■ YOUR GOAL:
The lines from the top of the material below through the line containing "Our today's question" are to be printed exactly, with pictures omitted.

===

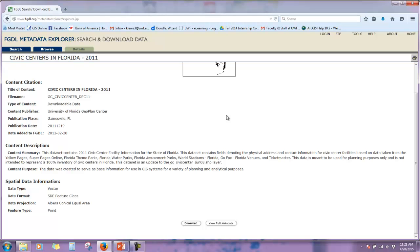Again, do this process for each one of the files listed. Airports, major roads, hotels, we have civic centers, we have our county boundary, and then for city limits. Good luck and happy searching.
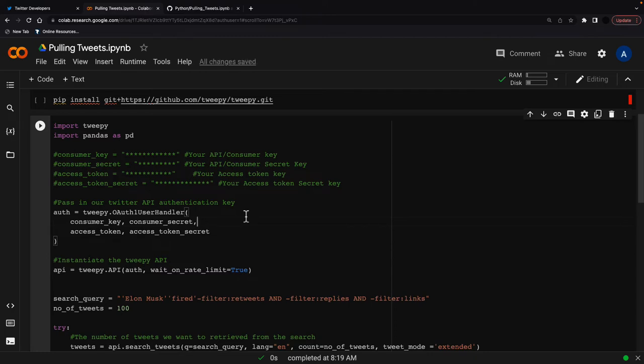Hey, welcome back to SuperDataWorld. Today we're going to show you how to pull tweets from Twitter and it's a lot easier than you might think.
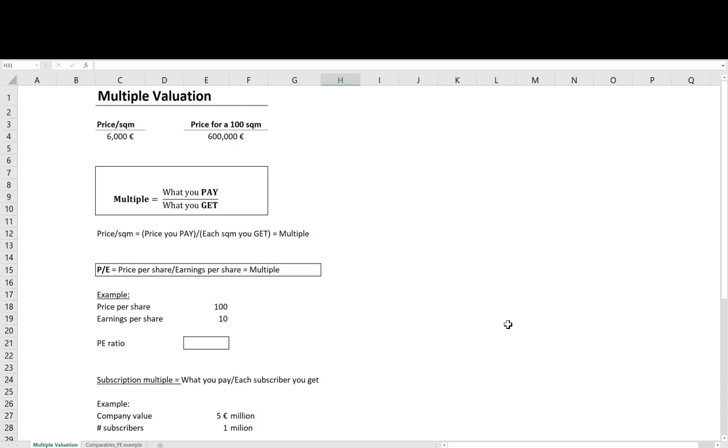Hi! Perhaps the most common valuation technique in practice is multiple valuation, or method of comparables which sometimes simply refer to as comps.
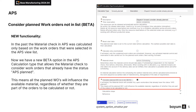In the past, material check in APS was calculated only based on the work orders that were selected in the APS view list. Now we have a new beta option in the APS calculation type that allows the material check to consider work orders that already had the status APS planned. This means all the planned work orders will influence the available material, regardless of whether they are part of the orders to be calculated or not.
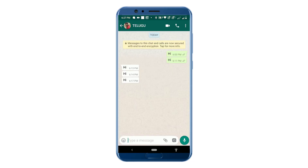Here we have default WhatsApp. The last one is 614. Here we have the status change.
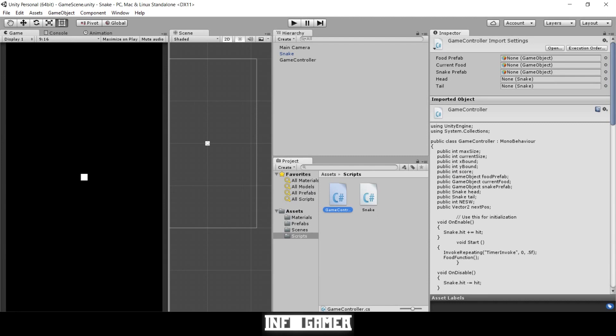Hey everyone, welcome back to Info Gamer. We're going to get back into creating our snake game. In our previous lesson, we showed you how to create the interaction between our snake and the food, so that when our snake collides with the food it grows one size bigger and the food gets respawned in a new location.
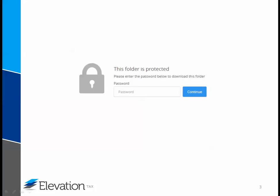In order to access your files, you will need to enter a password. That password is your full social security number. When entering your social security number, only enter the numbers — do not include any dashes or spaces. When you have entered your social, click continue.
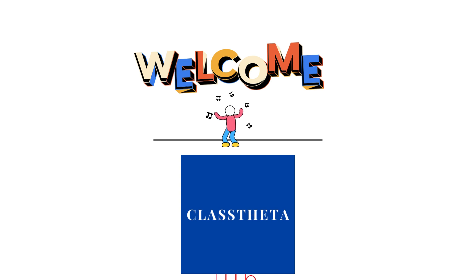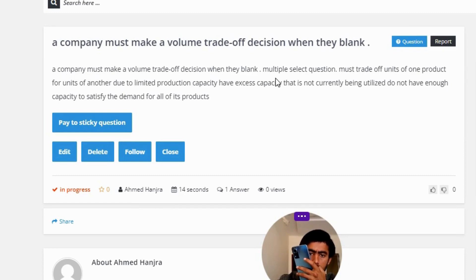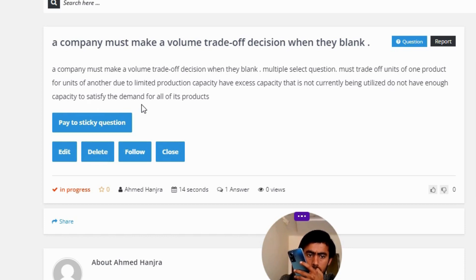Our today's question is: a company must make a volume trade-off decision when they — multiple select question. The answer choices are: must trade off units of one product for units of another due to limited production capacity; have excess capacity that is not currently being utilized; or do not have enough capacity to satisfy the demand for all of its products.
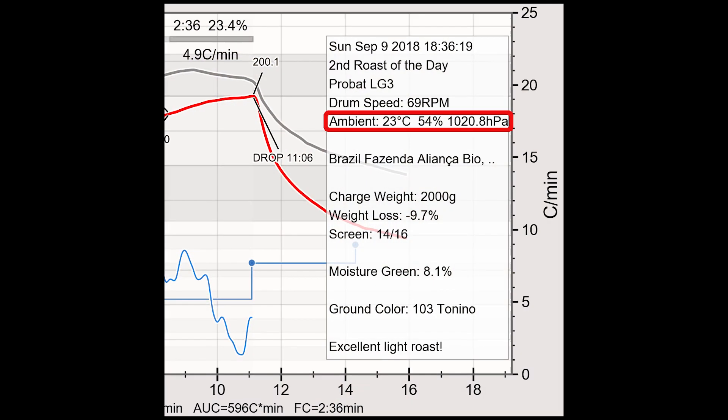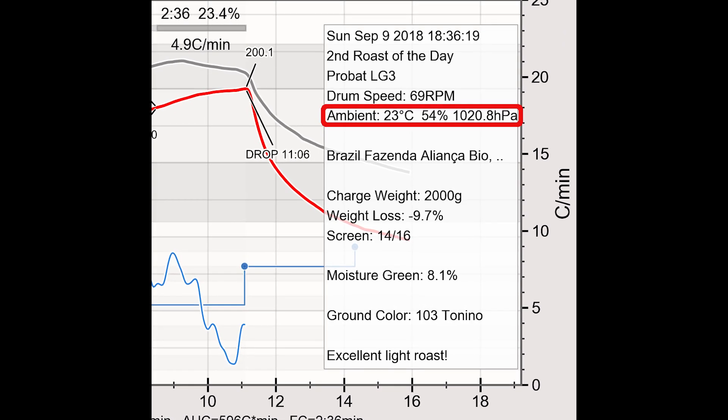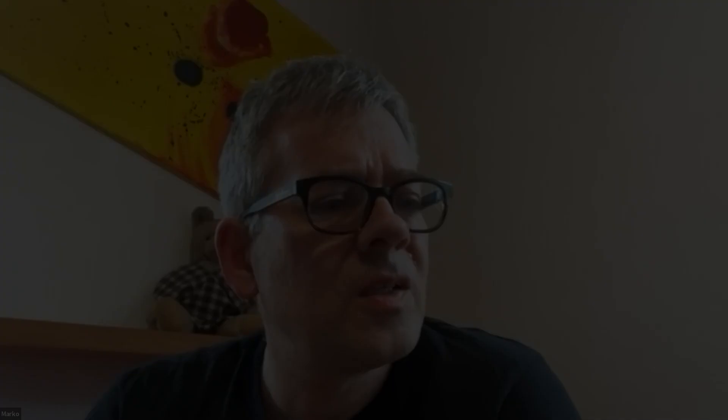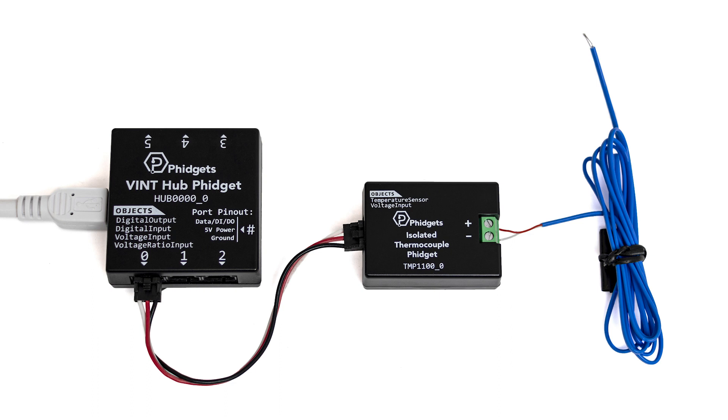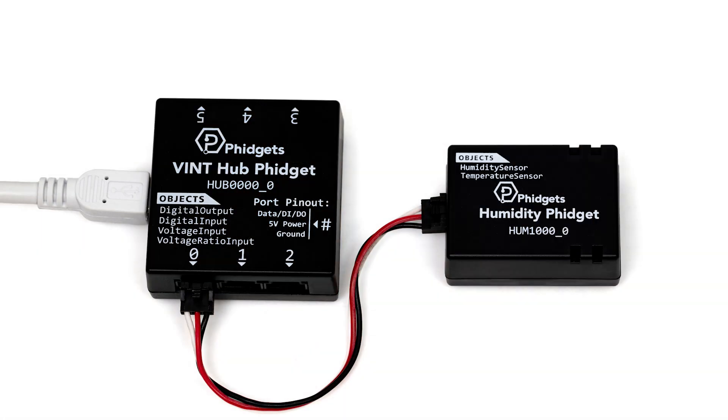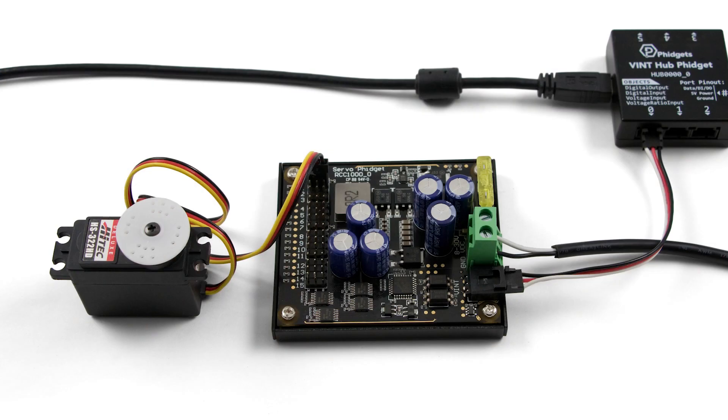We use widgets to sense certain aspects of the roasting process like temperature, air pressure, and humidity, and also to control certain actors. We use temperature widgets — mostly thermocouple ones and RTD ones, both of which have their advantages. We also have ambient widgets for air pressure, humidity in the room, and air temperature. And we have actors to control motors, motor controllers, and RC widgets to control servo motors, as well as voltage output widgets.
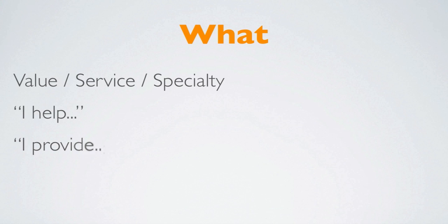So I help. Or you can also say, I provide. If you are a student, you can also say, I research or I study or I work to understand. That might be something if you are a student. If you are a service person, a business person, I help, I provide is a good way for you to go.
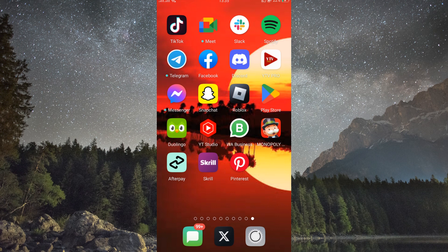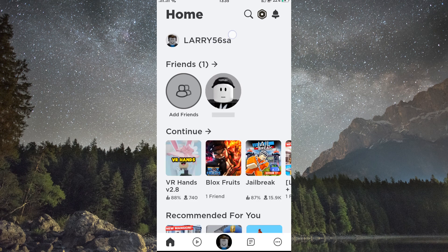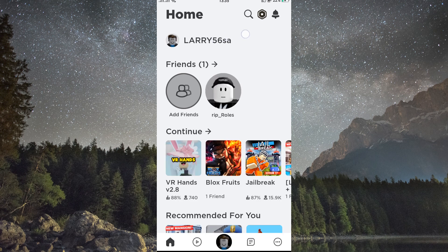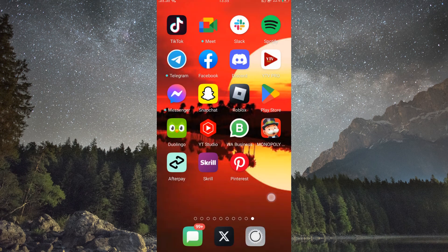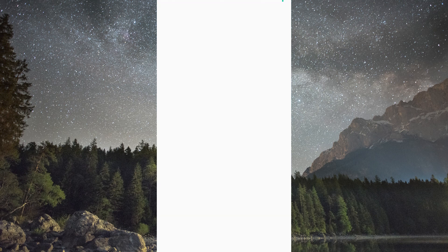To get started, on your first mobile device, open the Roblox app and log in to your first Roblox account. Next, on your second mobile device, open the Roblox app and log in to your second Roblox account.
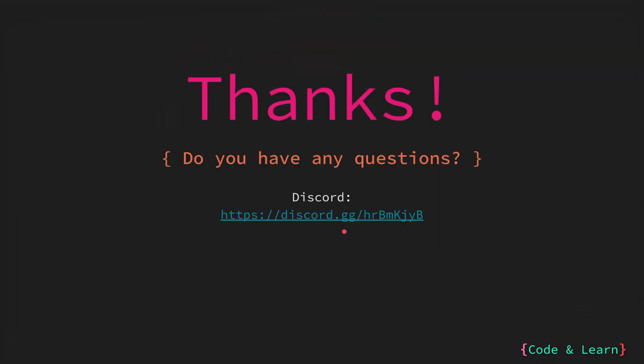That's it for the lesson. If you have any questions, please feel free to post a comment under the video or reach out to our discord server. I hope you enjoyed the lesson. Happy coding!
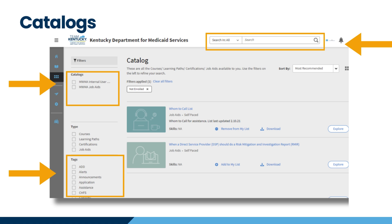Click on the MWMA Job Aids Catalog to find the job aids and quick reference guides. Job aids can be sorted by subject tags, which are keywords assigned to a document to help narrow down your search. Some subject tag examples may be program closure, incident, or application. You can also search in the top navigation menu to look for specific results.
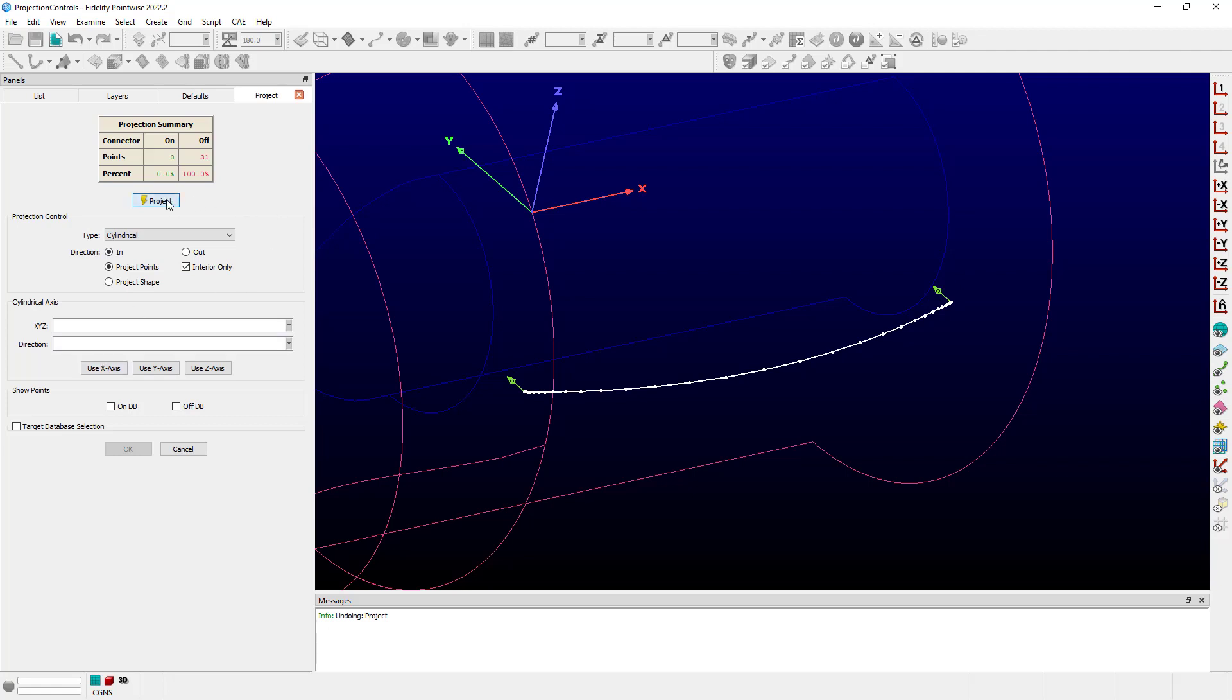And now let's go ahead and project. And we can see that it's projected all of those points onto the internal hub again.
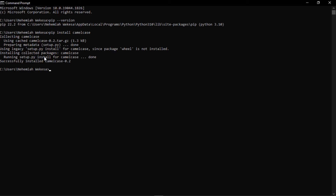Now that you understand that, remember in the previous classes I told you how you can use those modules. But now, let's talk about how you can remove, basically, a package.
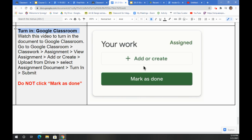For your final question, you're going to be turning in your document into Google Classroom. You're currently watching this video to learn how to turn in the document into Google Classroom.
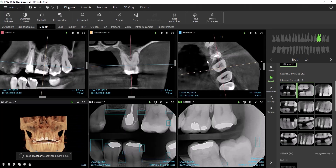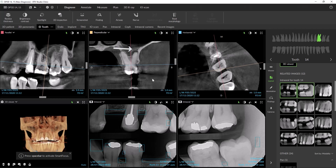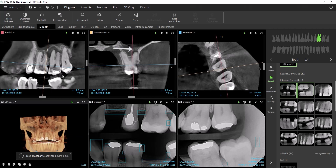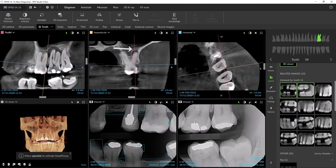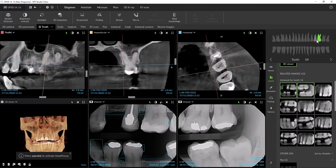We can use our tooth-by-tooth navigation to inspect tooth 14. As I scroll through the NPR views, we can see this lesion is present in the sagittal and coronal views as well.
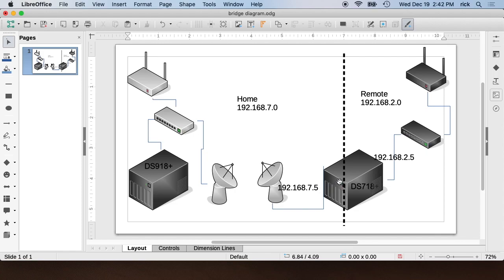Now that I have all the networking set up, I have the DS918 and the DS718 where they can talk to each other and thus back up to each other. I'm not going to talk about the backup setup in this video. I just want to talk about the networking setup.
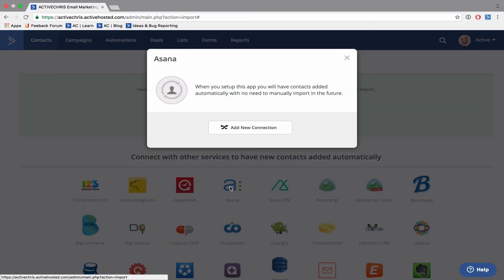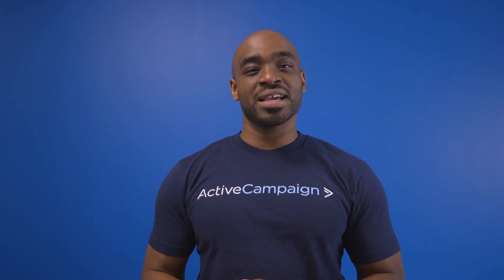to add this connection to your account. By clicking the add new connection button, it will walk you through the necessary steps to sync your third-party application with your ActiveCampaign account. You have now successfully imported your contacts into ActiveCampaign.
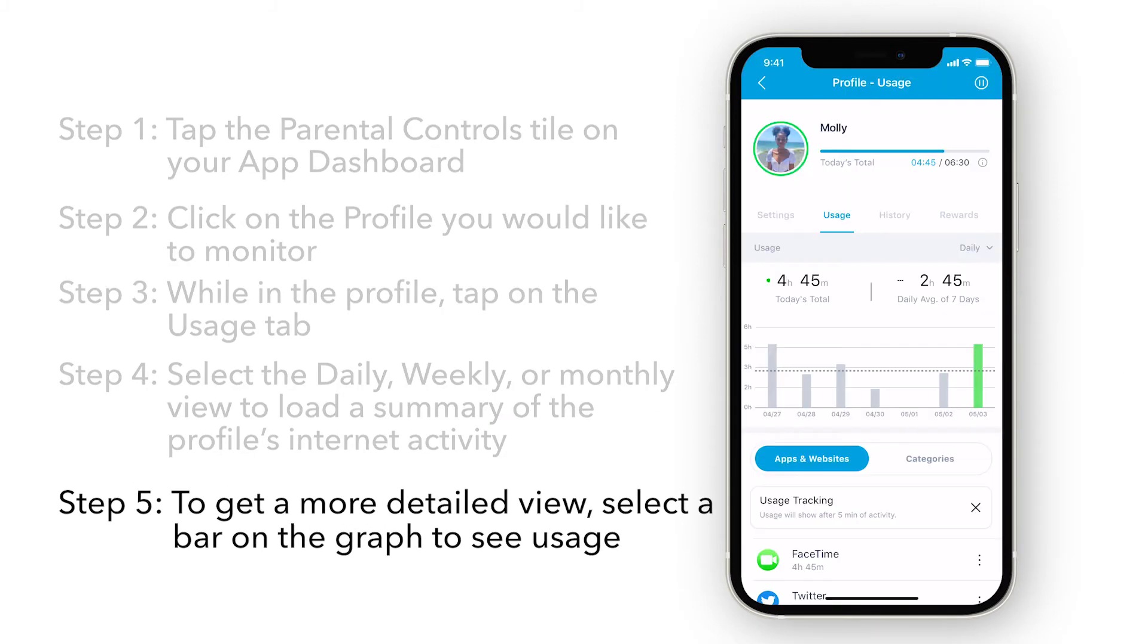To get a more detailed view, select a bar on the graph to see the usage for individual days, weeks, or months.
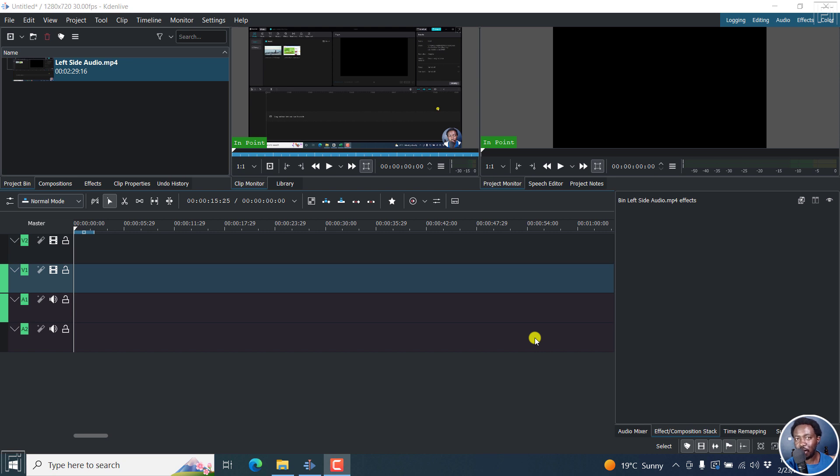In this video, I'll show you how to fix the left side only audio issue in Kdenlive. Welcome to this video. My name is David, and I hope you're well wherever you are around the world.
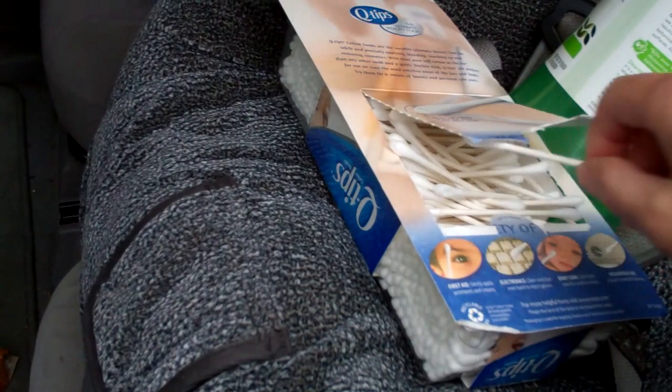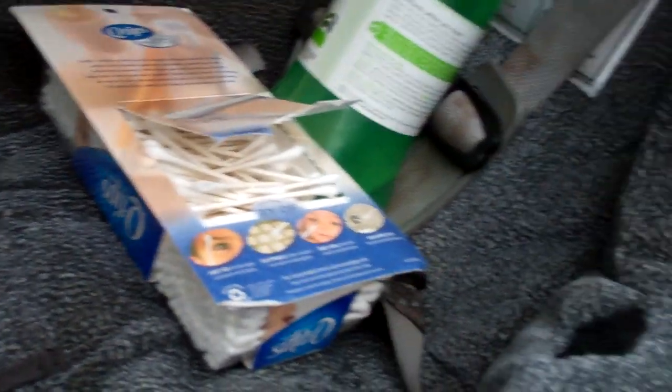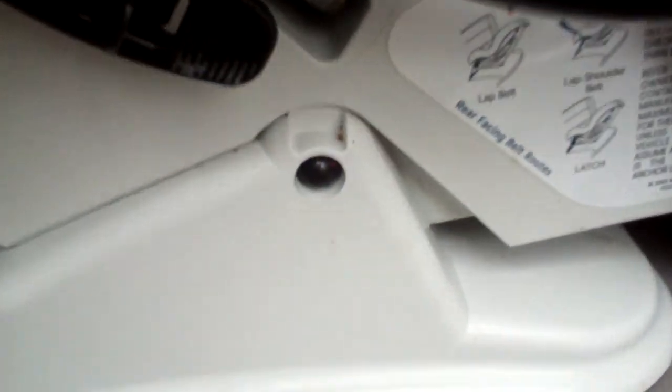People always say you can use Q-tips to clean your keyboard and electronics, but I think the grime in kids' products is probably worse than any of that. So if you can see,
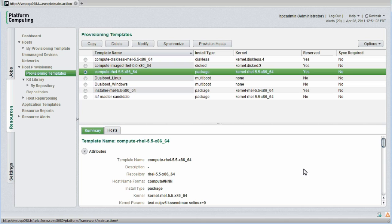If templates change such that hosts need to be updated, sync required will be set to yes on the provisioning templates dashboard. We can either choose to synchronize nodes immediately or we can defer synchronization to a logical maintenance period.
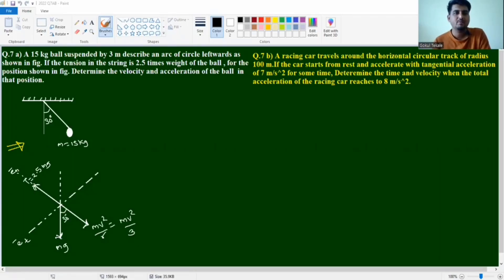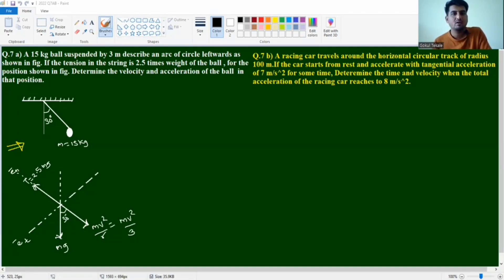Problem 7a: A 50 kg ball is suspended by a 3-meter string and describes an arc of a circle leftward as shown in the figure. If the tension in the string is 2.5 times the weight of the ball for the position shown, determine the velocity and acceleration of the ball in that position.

===

■ OUTPUT FOR THIS TASK:
Again, do this process for each one of the files listed. Airports, major roads, hotels, we have civic centers, we have our county boundary, and then for city limits. Good luck and happy searching.
Hey, welcome back to SuperDataWorld. Today we're going to show you how to pull tweets from Twitter and it's a lot easier than you might think.
Hi! Perhaps the most common valuation technique in practice is multiple valuation, or method of comparables which sometimes simply refer to as comps.
In the past, material check in APS was calculated only based on the work orders that were selected in the APS view list. Now we have a new beta option in the APS calculation type that allows the material check to consider work orders that already had the status APS planned. This means all the planned work orders will influence the available material, regardless of whether they are part of the orders to be calculated or not.
Here we have default WhatsApp. The last one is 614. Here we have the status change.
Hey everyone, welcome back to Info Gamer. We're going to get back into creating our snake game. In our previous lesson, we showed you how to create the interaction between our snake and the food, so that when our snake collides with the food it grows one size bigger and the food gets respawned in a new location.
In order to access your files, you will need to enter a password. That password is your full social security number. When entering your social security number, only enter the numbers — do not include any dashes or spaces. When you have entered your social, click continue.
Our today's question is: a company must make a volume trade-off decision when they — multiple select question. The answer choices are: must trade off units of one product for units of another due to limited production capacity; have excess capacity that is not currently being utilized; or do not have enough capacity to satisfy the demand for all of its products.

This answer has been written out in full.